* [Work order]
All records below are to be set down precisely as written, excluding pictures.
Source information Block Start
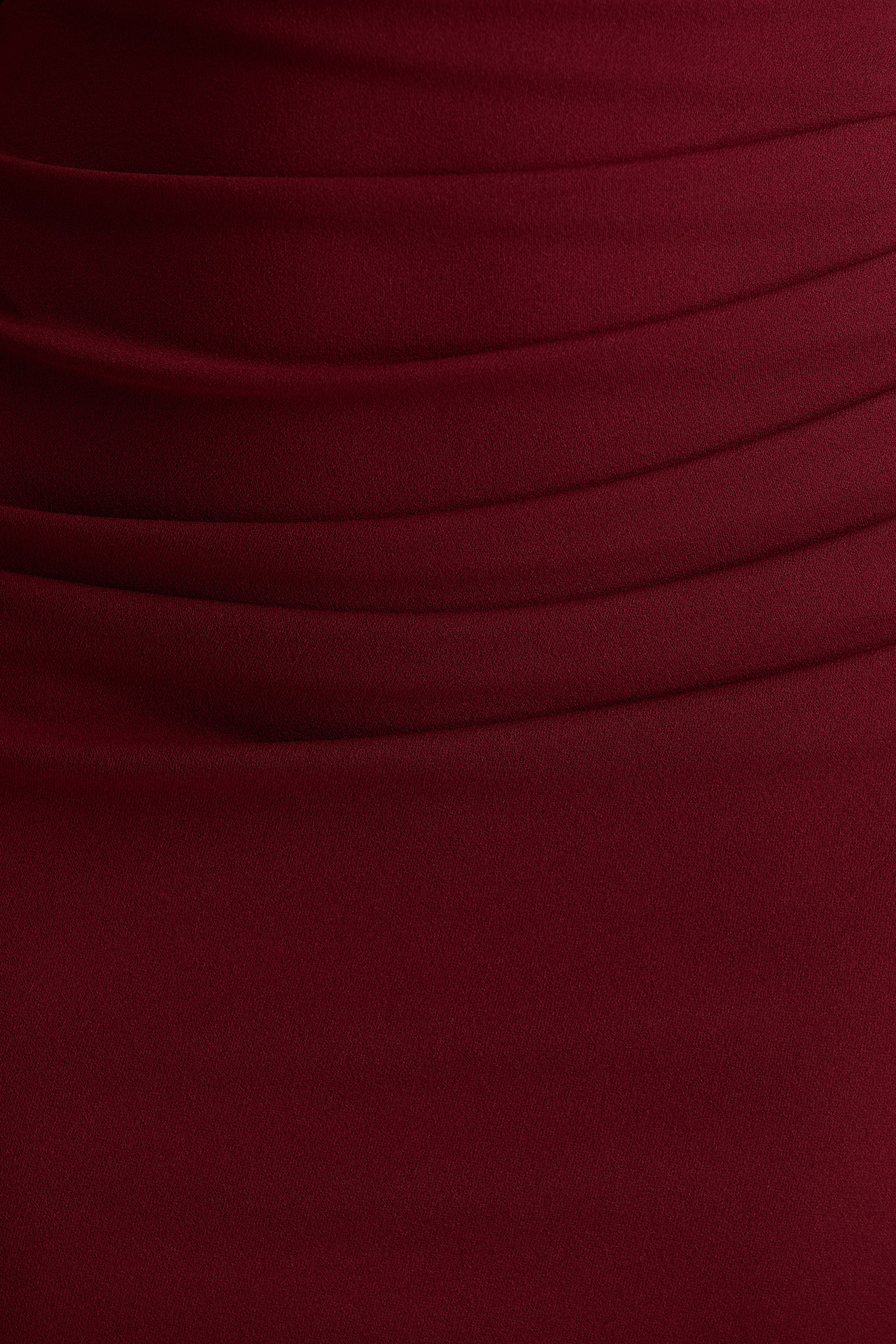 Leah | Burgundy Asymmetric-Neck Midi Dress With Cape-Sleeve - Image 6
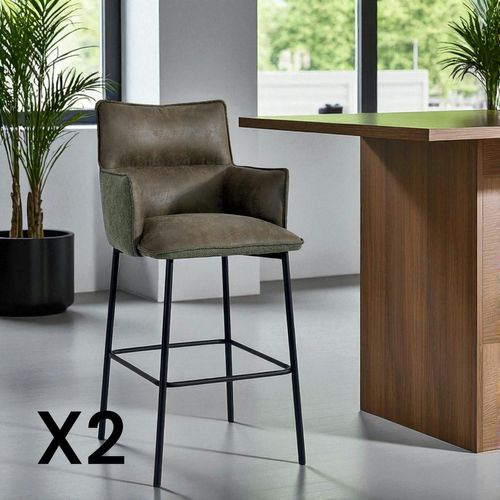 Tabouret Bar Bi-matière Vert Avec Dossier (lot De 2) Kerala
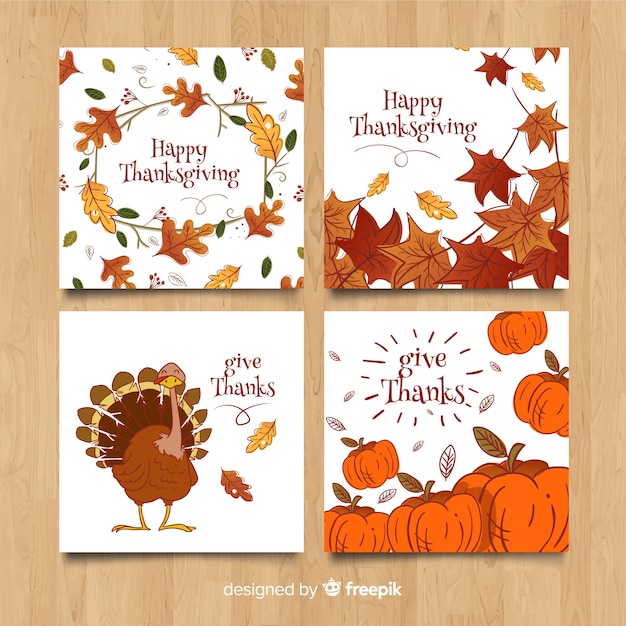 Collection De Cartes De Thanksgiving Dessinée à La Main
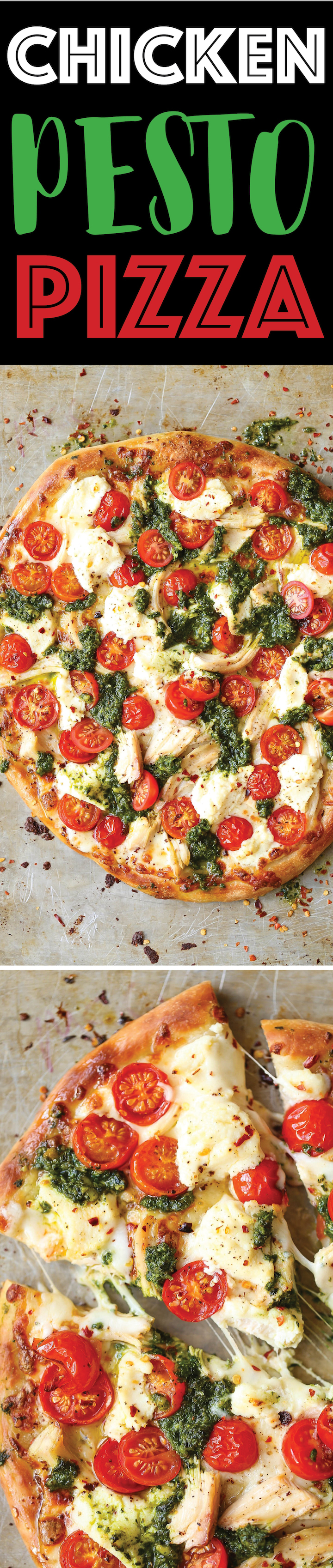 Chicken Pesto Pizza - The absolute perfect weeknight meal that comes together in minutes! Use leftover rotisserie chicken, fresh tomatoes, pesto and cheese!
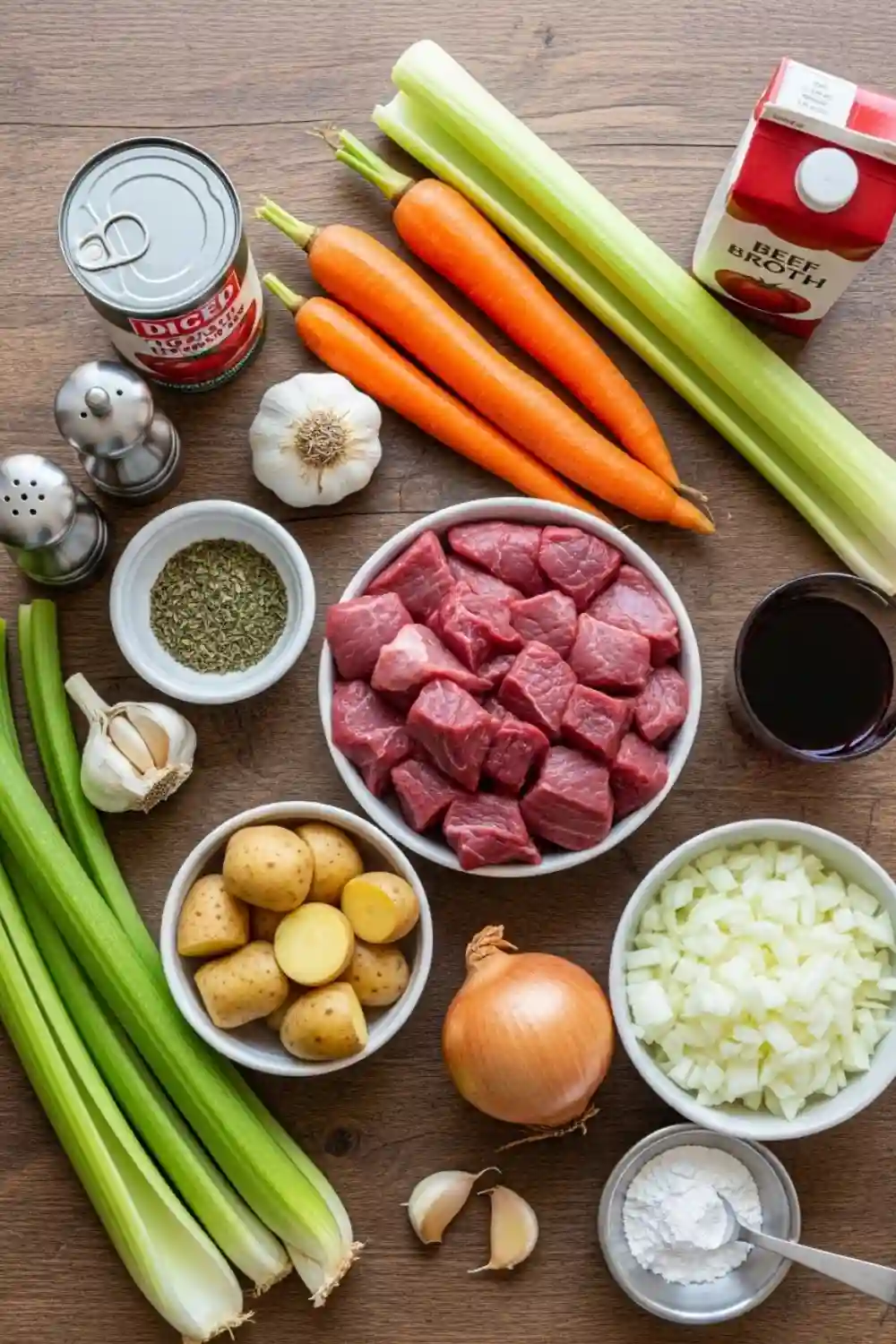 Raw ingredients for slow cooker venison stew including cubed deer meat, carrots, potatoes, celery, onions, garlic, herbs, tomatoes, broth, and red wine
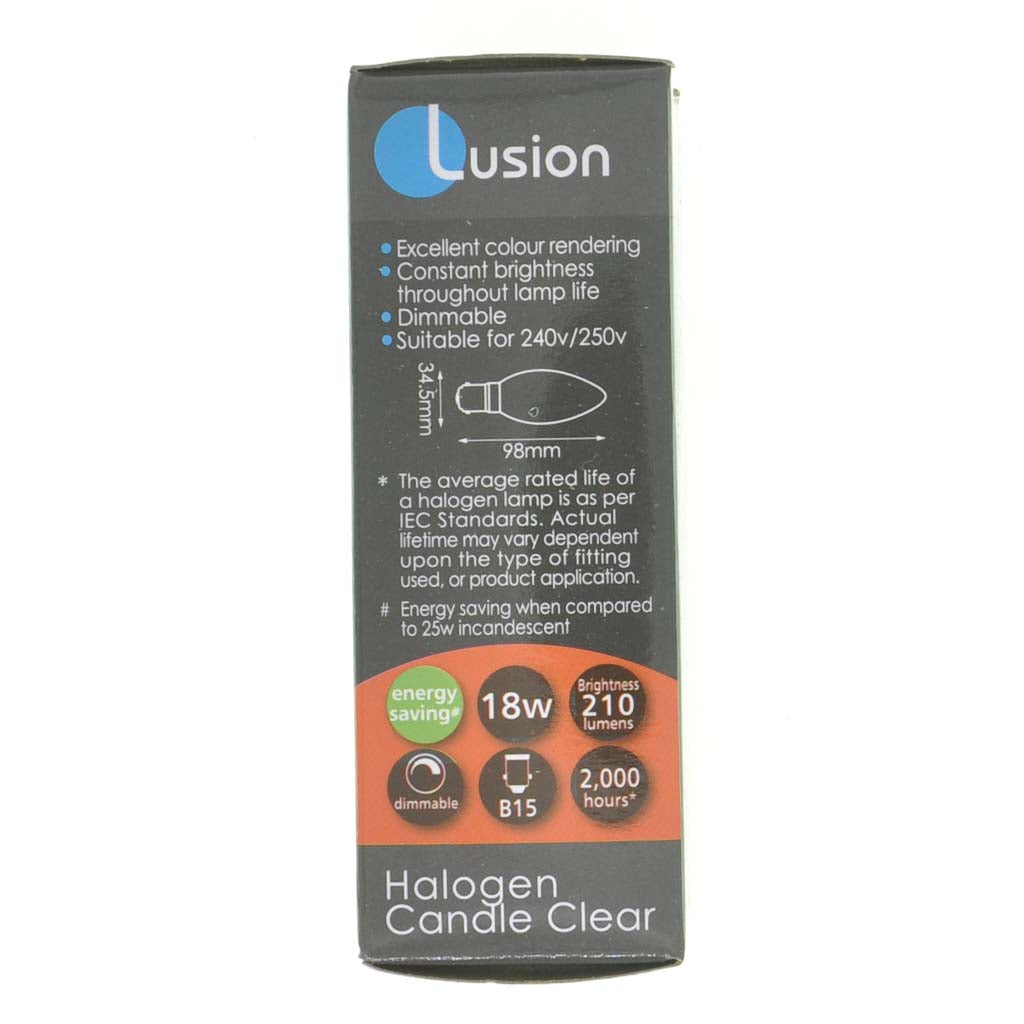 Lusion Candle Halogen Light Bulb B15 240V 18W Clear 30112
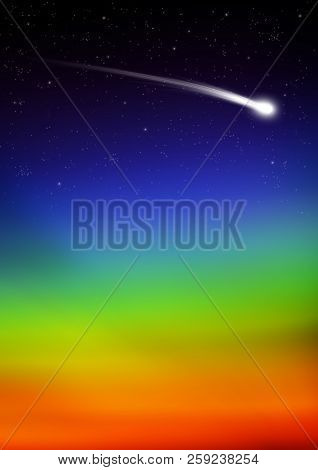 Falling Star Trail With Rainbow Color Gradient - Starry Sky Background - Comet Tail - Star Spangled 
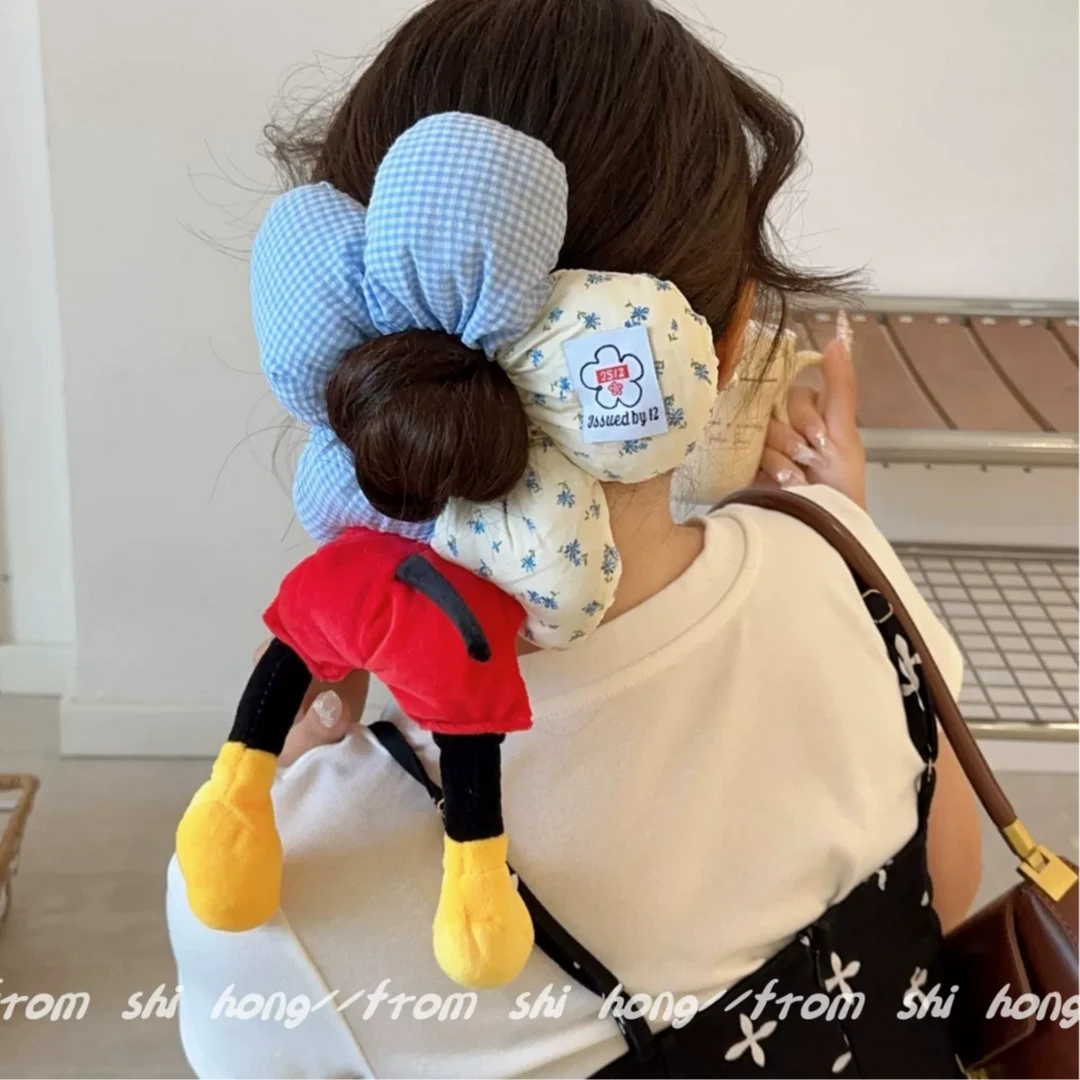 米奇屁股大肠发圈女2025新款搞怪头绳可爱立体米老鼠皮皮花朵发绳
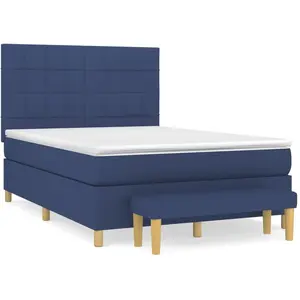 vidaXL Sommier à lattes de lit avec matelas Bleu 140x200 cm Tissu pas cher
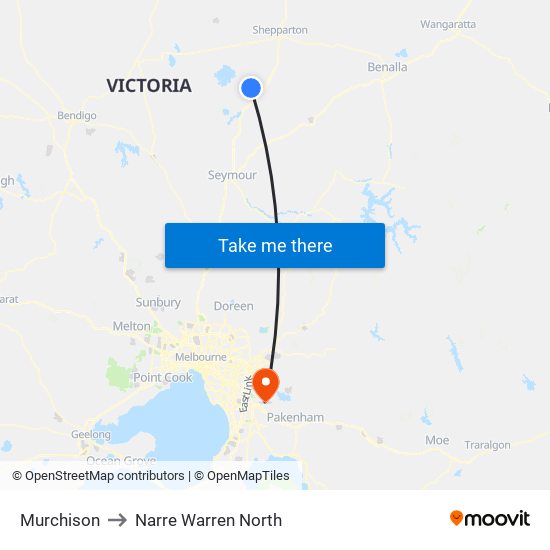 Murchison to Narre Warren North map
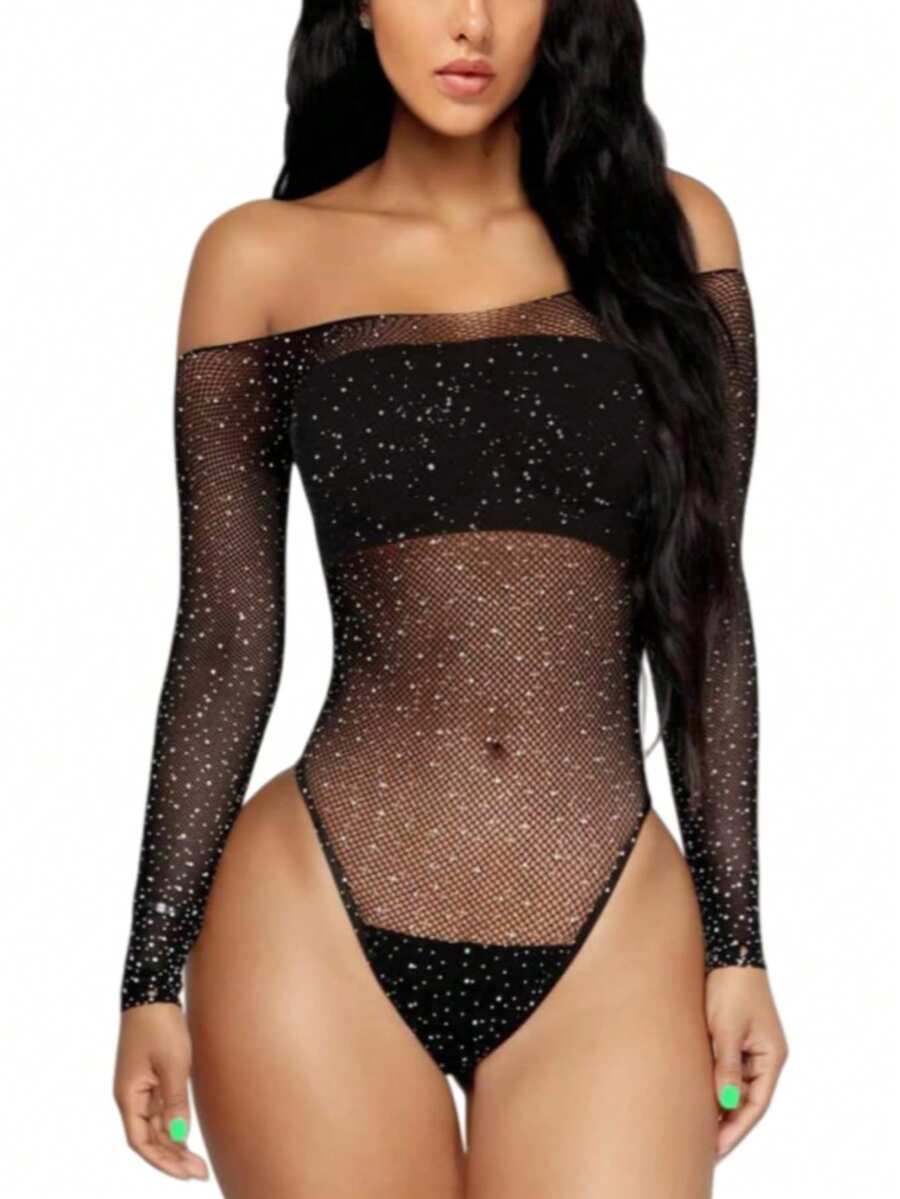 女士性感内衣，镶钻比基尼性感内衣，镶钻装饰，星空图案网纱女士连体衣 - 黑色 - 查看 1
Source information Block End
* [Answer to this problem]
 Leah | Burgundy Asymmetric-Neck Midi Dress With Cape-Sleeve - Image 6
 Tabouret Bar Bi-matière Vert Avec Dossier (lot De 2) Kerala
 Collection De Cartes De Thanksgiving Dessinée à La Main
 Chicken Pesto Pizza - The absolute perfect weeknight meal that comes together in minutes! Use leftover rotisserie chicken, fresh tomatoes, pesto and cheese!
 Raw ingredients for slow cooker venison stew including cubed deer meat, carrots, potatoes, celery, onions, garlic, herbs, tomatoes, broth, and red wine
 Lusion Candle Halogen Light Bulb B15 240V 18W Clear 30112
 Falling Star Trail With Rainbow Color Gradient - Starry Sky Background - Comet Tail - Star Spangled 
 米奇屁股大肠发圈女2025新款搞怪头绳可爱立体米老鼠皮皮花朵发绳
 vidaXL Sommier à lattes de lit avec matelas Bleu 140x200 cm Tissu pas cher
 Murchison to Narre Warren North map
 女士性感内衣，镶钻比基尼性感内衣，镶钻装饰，星空图案网纱女士连体衣 - 黑色 - 查看 1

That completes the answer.